Scan the records below for the string "Mandaviya" and return every line where it appears.
Segment Start: Source data
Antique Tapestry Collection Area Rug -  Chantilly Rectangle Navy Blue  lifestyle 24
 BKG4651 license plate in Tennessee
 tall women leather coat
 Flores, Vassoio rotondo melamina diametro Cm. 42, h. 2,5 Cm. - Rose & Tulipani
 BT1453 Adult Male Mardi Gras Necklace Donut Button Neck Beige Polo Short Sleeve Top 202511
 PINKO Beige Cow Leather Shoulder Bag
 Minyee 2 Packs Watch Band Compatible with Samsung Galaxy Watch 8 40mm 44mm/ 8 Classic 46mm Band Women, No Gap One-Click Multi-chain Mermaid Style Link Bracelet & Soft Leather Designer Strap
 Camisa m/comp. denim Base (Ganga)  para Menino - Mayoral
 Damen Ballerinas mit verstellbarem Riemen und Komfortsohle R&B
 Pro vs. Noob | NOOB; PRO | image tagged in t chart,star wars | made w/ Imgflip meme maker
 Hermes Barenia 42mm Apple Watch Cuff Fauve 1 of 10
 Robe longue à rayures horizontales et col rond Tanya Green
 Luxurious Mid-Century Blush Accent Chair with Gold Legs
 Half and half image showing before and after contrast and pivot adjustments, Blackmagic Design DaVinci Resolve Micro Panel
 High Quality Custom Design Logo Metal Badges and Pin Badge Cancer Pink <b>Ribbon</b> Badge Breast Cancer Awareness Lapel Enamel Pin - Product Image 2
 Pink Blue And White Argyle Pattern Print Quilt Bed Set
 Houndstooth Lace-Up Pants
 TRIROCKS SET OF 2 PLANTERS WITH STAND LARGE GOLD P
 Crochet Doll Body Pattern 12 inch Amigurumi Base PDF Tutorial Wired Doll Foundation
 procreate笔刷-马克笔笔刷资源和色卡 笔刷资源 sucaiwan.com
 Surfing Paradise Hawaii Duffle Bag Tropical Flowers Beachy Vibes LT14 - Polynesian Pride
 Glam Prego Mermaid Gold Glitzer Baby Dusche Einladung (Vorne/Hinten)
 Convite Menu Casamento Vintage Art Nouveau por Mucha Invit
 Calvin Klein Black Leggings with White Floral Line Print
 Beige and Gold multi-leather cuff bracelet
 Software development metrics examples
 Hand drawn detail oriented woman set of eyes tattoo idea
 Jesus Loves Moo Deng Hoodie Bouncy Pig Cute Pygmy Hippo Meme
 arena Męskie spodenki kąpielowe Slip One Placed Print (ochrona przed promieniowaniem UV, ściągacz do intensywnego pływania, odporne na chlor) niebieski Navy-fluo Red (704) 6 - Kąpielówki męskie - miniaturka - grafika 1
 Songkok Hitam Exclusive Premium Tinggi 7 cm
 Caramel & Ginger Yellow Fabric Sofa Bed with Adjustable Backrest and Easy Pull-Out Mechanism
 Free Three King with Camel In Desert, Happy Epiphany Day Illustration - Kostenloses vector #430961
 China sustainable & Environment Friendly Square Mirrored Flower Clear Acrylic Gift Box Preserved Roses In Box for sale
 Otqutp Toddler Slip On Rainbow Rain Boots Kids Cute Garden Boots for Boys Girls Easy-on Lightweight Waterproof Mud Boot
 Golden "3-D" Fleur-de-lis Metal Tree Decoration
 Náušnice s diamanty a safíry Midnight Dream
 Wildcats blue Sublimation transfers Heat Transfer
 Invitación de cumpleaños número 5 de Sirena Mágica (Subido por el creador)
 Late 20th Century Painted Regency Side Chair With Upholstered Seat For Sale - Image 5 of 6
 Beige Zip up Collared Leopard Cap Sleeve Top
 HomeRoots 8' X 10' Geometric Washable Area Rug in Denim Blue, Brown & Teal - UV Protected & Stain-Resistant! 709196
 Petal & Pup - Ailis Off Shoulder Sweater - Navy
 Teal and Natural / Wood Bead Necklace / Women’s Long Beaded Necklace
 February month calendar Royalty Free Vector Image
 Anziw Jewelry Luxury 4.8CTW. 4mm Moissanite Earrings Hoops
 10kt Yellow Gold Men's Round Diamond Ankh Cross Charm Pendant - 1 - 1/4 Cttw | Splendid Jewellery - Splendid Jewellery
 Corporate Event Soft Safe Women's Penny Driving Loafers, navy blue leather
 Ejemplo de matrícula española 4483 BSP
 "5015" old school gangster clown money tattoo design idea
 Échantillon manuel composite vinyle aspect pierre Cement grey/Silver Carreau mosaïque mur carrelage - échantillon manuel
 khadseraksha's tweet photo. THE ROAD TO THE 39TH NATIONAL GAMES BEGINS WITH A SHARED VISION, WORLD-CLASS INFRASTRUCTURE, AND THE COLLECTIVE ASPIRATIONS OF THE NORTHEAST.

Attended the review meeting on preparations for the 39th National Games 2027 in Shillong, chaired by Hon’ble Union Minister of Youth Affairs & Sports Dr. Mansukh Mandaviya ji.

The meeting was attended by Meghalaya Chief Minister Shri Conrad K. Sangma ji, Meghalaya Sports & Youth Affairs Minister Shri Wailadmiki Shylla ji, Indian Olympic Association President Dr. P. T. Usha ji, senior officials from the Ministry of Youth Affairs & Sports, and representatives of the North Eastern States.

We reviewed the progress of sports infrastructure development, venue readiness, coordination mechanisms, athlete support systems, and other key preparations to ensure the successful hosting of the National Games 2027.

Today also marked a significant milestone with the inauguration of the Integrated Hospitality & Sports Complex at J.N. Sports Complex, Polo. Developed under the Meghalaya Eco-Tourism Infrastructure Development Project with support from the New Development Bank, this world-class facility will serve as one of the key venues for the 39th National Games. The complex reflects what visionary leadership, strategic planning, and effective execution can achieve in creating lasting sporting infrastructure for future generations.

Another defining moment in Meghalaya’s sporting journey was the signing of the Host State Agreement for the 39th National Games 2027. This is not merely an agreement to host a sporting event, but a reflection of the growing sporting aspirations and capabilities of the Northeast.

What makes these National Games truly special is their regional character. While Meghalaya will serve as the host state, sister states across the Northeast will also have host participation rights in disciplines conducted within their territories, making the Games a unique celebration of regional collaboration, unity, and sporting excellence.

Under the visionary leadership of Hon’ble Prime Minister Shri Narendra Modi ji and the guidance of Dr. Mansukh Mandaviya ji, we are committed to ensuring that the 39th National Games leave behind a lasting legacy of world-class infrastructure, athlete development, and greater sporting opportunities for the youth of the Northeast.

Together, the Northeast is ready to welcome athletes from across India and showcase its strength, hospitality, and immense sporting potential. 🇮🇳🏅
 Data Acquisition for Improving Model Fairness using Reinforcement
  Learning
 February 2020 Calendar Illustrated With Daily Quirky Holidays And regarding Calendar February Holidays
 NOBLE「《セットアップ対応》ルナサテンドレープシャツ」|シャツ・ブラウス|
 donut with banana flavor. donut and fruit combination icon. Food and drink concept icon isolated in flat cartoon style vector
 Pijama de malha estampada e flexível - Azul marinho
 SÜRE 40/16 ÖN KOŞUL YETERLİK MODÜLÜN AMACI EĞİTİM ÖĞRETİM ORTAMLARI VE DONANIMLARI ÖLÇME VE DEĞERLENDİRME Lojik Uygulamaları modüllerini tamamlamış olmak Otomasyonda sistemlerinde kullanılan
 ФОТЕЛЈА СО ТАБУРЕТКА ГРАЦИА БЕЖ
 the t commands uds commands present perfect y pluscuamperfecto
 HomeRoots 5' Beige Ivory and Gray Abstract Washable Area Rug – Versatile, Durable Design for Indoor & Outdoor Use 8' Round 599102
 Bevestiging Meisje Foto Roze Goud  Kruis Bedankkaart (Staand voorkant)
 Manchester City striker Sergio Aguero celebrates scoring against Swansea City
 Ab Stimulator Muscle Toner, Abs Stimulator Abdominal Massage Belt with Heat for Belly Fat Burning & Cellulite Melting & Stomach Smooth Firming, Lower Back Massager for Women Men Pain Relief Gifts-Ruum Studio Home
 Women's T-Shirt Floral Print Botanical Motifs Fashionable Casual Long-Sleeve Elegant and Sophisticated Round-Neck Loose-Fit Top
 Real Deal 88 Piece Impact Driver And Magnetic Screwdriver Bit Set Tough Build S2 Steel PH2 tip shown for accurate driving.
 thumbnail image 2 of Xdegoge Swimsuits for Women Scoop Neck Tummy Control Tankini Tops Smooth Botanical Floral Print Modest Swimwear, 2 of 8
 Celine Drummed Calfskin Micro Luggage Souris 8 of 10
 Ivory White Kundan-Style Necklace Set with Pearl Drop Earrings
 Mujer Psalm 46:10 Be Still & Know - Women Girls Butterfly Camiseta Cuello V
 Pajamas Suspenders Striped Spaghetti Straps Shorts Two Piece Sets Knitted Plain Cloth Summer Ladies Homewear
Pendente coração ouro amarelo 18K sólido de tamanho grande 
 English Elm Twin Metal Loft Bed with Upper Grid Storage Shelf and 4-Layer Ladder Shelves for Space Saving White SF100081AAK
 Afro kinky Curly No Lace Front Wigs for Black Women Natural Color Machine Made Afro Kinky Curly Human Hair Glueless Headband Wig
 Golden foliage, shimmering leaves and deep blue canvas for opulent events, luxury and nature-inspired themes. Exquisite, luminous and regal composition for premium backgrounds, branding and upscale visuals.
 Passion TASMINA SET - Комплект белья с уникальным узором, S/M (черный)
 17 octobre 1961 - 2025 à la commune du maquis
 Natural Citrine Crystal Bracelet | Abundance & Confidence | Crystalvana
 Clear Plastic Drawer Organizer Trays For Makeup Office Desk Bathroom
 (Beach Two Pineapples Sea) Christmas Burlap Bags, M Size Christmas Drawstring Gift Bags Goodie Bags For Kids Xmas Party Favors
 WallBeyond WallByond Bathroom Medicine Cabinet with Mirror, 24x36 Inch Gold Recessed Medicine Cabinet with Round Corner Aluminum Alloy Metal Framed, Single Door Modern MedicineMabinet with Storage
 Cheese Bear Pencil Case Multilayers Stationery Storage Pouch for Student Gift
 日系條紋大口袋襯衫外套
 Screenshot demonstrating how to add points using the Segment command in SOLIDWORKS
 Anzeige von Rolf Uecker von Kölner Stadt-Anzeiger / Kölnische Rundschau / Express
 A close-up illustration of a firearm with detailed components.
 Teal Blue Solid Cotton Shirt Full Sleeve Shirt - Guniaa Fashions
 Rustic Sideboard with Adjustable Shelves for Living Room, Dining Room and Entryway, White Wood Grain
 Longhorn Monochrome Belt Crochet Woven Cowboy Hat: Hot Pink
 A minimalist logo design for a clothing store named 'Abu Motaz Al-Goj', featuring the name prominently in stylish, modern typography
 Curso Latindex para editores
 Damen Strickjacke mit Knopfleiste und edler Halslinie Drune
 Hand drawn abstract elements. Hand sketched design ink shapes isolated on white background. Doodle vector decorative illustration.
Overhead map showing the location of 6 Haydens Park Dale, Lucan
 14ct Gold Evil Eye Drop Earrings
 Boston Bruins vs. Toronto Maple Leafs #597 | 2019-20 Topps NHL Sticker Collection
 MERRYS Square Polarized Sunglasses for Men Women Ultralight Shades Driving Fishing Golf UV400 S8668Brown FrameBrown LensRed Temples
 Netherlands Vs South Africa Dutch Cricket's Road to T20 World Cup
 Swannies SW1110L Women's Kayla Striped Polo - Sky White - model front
Segment End: Source data
Answer for the task:
Attended the review meeting on preparations for the 39th National Games 2027 in Shillong, chaired by Hon’ble Union Minister of Youth Affairs & Sports Dr. Mansukh Mandaviya ji.
Under the visionary leadership of Hon’ble Prime Minister Shri Narendra Modi ji and the guidance of Dr. Mansukh Mandaviya ji, we are committed to ensuring that the 39th National Games leave behind a lasting legacy of world-class infrastructure, athlete development, and greater sporting opportunities for the youth of the Northeast.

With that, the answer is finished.